Nous avons découvert une partie du mouvement qui est très active depuis des années et pourtant presque totalement invisible médiatiquement: le lobbying des associations familiales. Regroupée sous la bannière de l'UNAF1, ces associations ne sont pas toutes étiquetées « cathos » mais trois d'entre elles sont directement liées à la Manif' Pour Tous. En 2008, elles étaient contre le film d’animation « le baiser de la lune » qui raconte une histoire d'amour entre deux poissons mâles. Le buzz déclenché par les manifestations leur a donné une audience, des moyens de diffusion et une influence inédits. C’est d’ailleurs ce qui nous fait dire qu’il ne faut pas sous- estimer leur mouvement. Même si l’étude du réseau montre qu’ils ne sont pas si nombreux, ils savent se faire voir et entendre, ils peuvent donc toucher un grand nombre de personnes, en particulier car ils reprennent le réseau de la Manif’ Pour Tous. Cette « minorité agissante » a réussi à faire reculer le gouvernement en février dernier sur le projet de loi sur la famille qui devait notamment élargir les droits des beaux-parents et donc faire évoluer le statut juridique de la famille...
Pourtant le gouvernement n’a pas l’air de vouloir entrer dans la polémique autour de la « théorie du genre » ?

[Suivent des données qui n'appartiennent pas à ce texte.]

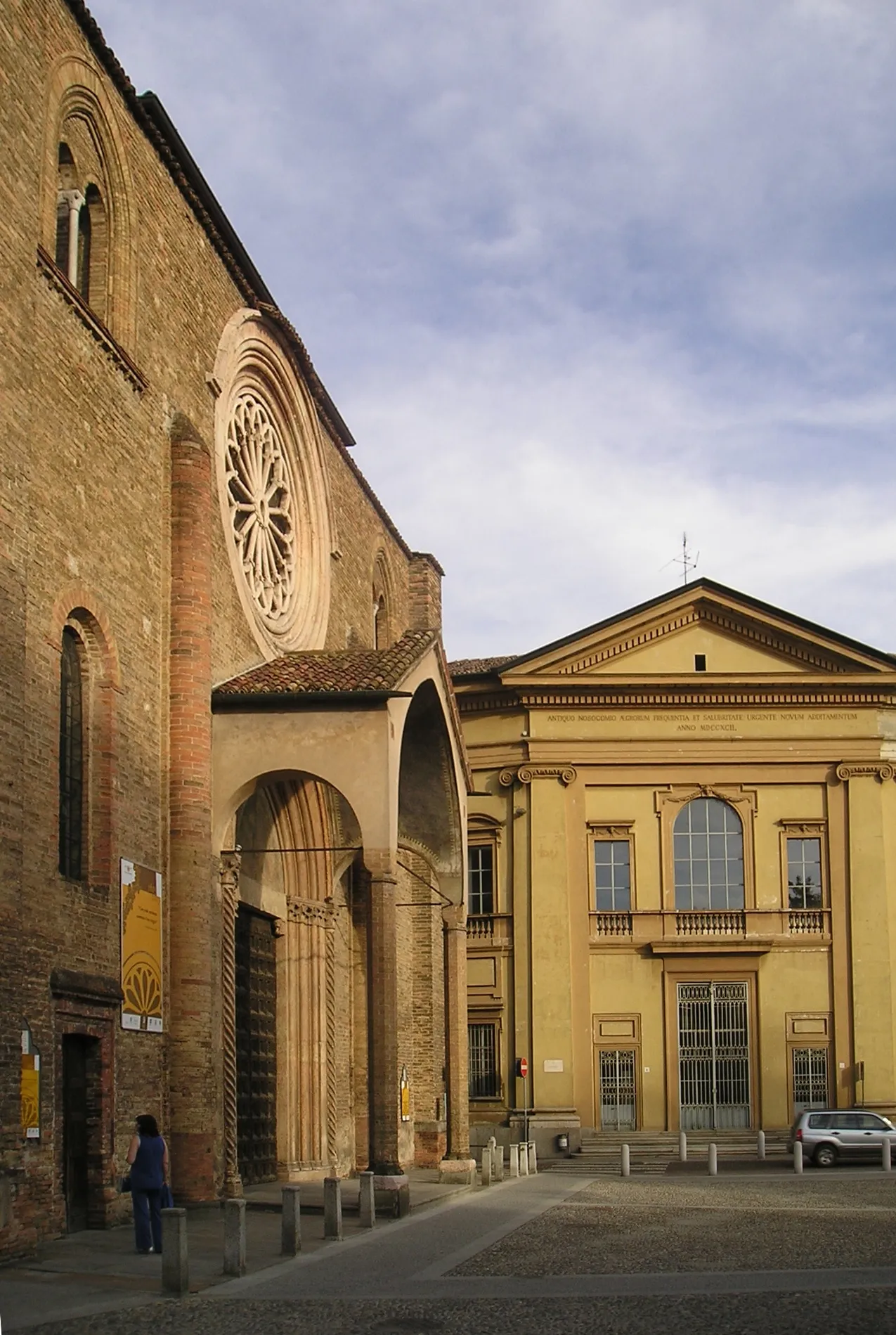Photo showing: Scorcio di piazza Ospitale a Lodi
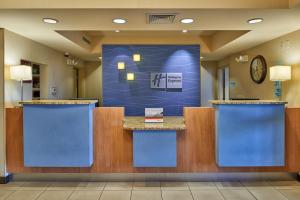 holiday inn express and suites el paso airport by ihg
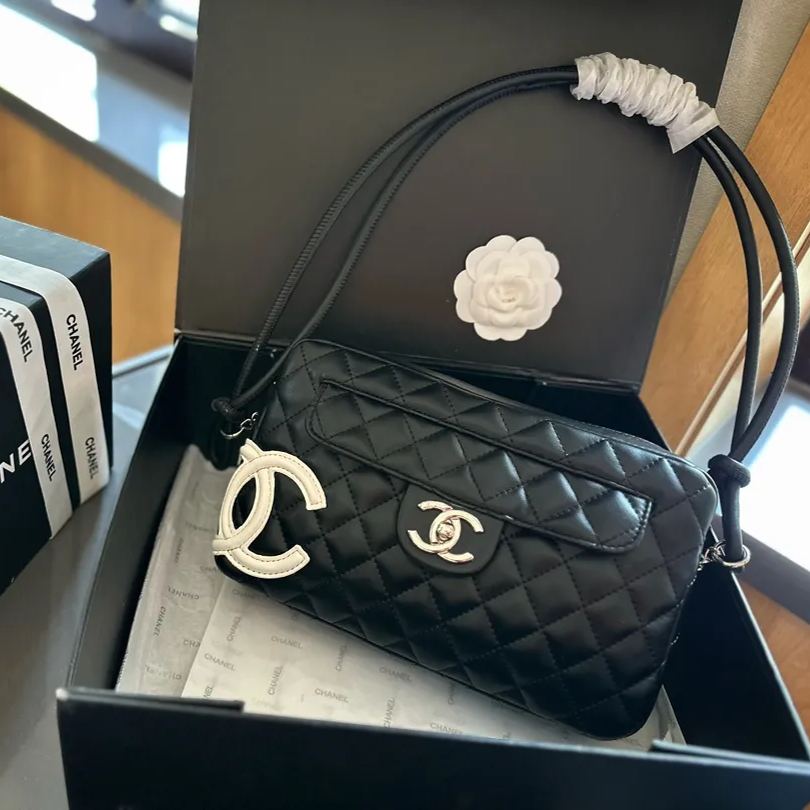 CHANEL 中古バッグ シャネル お宝級 康鵬カメラバッグ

Nous avons été très surprises par sa réponse. En gros sa position est de dire que la « théorie du genre n’existe pas », point final. Il préfère éviter certains mots, à commencer par celui de « genre », en espérant que ça suffise à désamorcer les tensions. Bien que ce soit selon nous une façon de rentrer dans le débat, En réalité, cela laisse le champ libre au camp des « anti » pour investir l’espace du débat et y diffuser leur idéologie du « complot des lobbys LGBT ». Selon nous, les « anti théorie du genre » ont bien conscience des enjeux contenus dans la polémique actuelle. Lorsque la Manif pour Tous sort des affiches qui portent comme slogan «Touche pas à mes stéréotypes de genre », on voit qu'il ne s'agit pas d'une incompréhension : ils ont très bien compris que l'éducation à l'égalité amenait à questionner les rôles d'homme et de femme, rôles qu'ils souhaitent maintenir dans l'ordre de la Nature. En imposant leur terme de « théorie de genre », ils imposent également leur problématique et leur langage puisque celui-ci est repris partout : à droite comme à gauche et dans tous les médias. Or la bataille du langage, c’est aussi une bataille idéologique. C'est pour cela que nous tenons ici à ne pas reprendre les termes de « anti-théorie-du-genre » pour préférer parler de mouvements anti-égalité.
NOTE
1: Union Nationale des Associations Familiales, créée et financée par l'Etat dès 1945.